Finances are still a rough time due to having to pay out of pocket for school this semester.

Weight isn't moving due to me being an Emotional eater. Feeling blue? Have a hot fudge sundae or maybe a package of cookies with a huge glass of milk. Okay a little sarcasm on that last part. But it is bad....I assure you.

And then there is the fact that somehow breastfeeding uncovered seems to have altered who is my friend or comfortable to be around me. I have suppressed writing or talking about this because for fear of putting my best friend in the middle and thus possibly losing her as well due to making her uncomfortable with this ridiculous situation. And I repeat ridiculous. Because if you can wear a bikini on the beach around other people's spouses or men in general then me breastfeeding discreetly uncovered shouldn't be an issue.

See my struggle lately?

Then I tell myself clearly God hasn't planned for them to remain in my circle of friends if something this silly can cause this big of a concern. You get the picture.

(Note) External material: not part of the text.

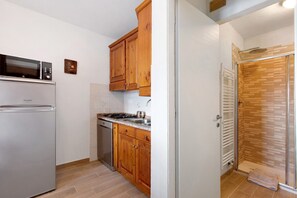 Une cuisine équipée d’un réfrigérateur, d’une cuisinière et de meubles de rangement en bois.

So my hope is that God will continue to lead the path in our lives.  Be it with weight loss, diet and exercise or our circle of friends. That he will prepare my body for another healthy pregnancy and at the same time help us get a better handle on our finances. That God will dream for me so I can better see the plans he has for me in this life.

*sigh*  things will get better. Because they say though sorrow may last for the night;  joy comes in the morning.